「どこまでも善人な若き国王と作り込まれた話」ブラックパンサー galaxymilkywayさんの映画レビュー(感想・評価)
どこまでも善人な若き国王と作り込まれた話
米国や他の国を初めてとして、前評判の良いブラックパンサーを今回観てきた。
今回の舞台は、アフリカ大陸にある国、ワカンダ。
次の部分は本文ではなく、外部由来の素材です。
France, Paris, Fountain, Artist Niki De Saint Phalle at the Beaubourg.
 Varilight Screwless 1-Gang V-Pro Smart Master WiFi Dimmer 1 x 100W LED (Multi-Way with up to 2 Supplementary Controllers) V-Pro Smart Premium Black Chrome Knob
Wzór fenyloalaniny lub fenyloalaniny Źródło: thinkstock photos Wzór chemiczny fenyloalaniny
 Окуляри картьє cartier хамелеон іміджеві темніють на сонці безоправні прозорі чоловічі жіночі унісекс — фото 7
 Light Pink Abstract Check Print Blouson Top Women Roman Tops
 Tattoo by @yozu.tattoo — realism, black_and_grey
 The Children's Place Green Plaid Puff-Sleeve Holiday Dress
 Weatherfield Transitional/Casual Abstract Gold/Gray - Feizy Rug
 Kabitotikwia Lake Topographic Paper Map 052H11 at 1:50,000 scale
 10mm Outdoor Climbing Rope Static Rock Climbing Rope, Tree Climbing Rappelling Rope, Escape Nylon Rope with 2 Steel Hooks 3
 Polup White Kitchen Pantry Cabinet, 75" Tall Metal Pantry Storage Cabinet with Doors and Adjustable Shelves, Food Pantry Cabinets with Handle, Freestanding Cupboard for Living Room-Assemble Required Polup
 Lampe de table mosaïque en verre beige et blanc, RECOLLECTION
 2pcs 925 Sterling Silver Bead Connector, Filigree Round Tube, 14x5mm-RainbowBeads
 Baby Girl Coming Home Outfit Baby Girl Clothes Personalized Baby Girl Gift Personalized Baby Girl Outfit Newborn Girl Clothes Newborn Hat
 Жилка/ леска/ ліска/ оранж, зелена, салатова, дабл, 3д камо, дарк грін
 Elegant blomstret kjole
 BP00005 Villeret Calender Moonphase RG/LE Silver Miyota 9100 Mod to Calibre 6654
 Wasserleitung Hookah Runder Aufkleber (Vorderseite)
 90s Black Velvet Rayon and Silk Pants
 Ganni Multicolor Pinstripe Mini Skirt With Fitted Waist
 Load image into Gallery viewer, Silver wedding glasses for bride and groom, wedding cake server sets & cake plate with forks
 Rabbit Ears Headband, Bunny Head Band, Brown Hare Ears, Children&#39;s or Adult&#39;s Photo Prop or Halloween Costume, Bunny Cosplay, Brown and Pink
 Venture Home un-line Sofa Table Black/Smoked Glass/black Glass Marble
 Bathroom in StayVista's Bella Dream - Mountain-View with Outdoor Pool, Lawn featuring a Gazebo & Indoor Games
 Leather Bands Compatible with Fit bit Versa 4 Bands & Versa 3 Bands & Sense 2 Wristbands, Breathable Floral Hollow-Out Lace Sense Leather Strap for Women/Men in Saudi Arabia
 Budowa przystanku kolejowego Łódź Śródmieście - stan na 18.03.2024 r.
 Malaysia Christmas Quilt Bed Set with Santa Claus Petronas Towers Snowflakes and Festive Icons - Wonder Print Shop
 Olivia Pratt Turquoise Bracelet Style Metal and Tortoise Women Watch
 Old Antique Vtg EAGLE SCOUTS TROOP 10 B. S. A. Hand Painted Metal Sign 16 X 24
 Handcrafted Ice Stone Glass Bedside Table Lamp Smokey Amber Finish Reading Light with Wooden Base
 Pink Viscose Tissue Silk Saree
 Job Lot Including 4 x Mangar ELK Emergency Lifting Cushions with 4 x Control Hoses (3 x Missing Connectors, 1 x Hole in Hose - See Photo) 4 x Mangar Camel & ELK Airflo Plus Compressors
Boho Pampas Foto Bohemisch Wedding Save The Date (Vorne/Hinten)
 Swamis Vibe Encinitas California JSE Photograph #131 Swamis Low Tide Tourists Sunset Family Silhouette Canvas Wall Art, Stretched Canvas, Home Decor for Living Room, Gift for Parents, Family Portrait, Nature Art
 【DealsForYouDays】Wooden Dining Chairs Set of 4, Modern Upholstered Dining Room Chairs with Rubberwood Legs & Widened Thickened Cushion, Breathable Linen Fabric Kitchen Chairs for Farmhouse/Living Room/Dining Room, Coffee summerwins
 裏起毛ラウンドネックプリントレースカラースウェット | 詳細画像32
表向きは農業国だが、裏側ではアメリカのはるか上を行く、最新テクノロジーを使用した超文明国となっている。
主役は「シビル・ウォー」にも出演したワカンダの王子ティ・チャラが、自国で亡き王(ティ・チャラの父親)に代わり、新国王になる話から始まっていく。
そして、その裏側ではティ・チャラの叔父の子供、つまりは従兄にあたるキルモンガーがワカンダにある理由から復讐に来る話が書かれている。
どこまでも善人な人柄であるティ・チャラは平和な国のワガンダ王として相応しくも見えるが、その優しさや脇の甘さから、キルモンガーに殺されかけ、更に王座を奪われるという大失態を起こしてしまい、今まではまとまっていた5つの部族は大混乱、部族同士の争いとまでなってしまう。
しかし、ジャバリ部族のトップ、エムバクによってティ・チャラは庇護され、奇跡的に残っていたハーブのおかげでティ・チャラはなんとかブラックパンサーとして復活を遂げる。
部族間の争いの中、ティ・チャラとキルモンガーもそれぞれのブラックパンサーのスーツを身に纏って1対1で争うが、一瞬の隙でティ・チャラの勝利、キルモンガーは重症を追ってしまう。
その後ティ・チャラと深手を負ったままのキルモンガーは『ワガンダの美しい夕陽』を見に行く。恐らく動けないキルモンガーをティ・チャラが連れて行ってやったのだろうと推測する。
「治療をすれば治る」ここでもまだ自分を殺そうとした相手に優しい言葉を投げかける善人ティ・チャラに対し「殺してくれ」とキルモンガーは彼の好意を簡単にも蹴ってしまう。ティ・チャラは彼の意思を尊重したのか、夕陽を見たまま亡くなったキルモンガーを見守る。
個人的な思いではあるがキルモンガーの「死んだら海に流してくれ」という言葉、ティ・チャラは必ず彼を丁重に海に埋葬すると思われる。
またこの映画は勇敢な女性陣の活躍も目立った。ティ・チャラを慕う家族や側近ズリ、元恋人ナキア、女性だけで作られた親衛隊長のオコエ、その中でも妹であるシュリが彼のサポートとしていい動きが目立った。この国のテクノロジーはほぼ彼女によって発明され、作られているものだと思う。
物語は国連でティ・チャラの演説「これからはこの文明を皆さんと分かち合いましょう」という台詞に対しワガンダを知らない国に「農業国と何を分かち合うのですか?」と言われるシーン、シュリと2人でキルモンガー親子が住んでいたと思われる集合住宅を買い取り、側で遊んでいた子供に「おじさんだれ?」と
話しかけられるシーンで幕を閉じる。
前国王に殺された弟の子供の復讐劇というどこにでもありそうなテーマなのだが、そこから話を広げ細部までよく作られている良作だった。
映画冒頭に父が子にワガンダの事を語るシーンがあったが、あれはワカンダに住んでいる幸せなとある父子の物語と思ったし、1992年に前国王が実の弟を殺してしまうシーンは最初、前国王の若い頃なのがティ・チャラなのかと思ってしまい、理解するのに少し遅れてしまったが、それも観客をミスリードさせるいい演出。
そして「シビル・ウォー」ではあまり融通の利かないティ・チャラかと思いきや、この作品では善良つつ近しい人達には普通の青年と同じ様な言動や態度にも親近感が持てた。
日本語吹き替え版では分からなかったが、英語版ではアフリカ英語で話しているというこだわりの点も評価したい。
最後に、同じく「シビル・ウォー」からの出演で、冷凍睡眠中だったバッキー・バーンズがエンドロール後にカメオ出演した。冷凍睡眠からもう既にシュリの手で、ヒドラのワードを解かれ目覚めた後だったらしく、村らしき所で療養中だったと思われる。バッキーのシュリに対しての「ありがとう」という簡単な一言でもまだ、彼の中では『ワード』は解かれもうウィンター・ソルジャー化する事はないが、彼の喜怒哀楽という感情面はまだまだ戻ってはいないものと個人的には憶測するし、彼には精神面のリハビリが必要である。しかし彼の今後を心配していたファンにとっては嬉しいシーンだったろう。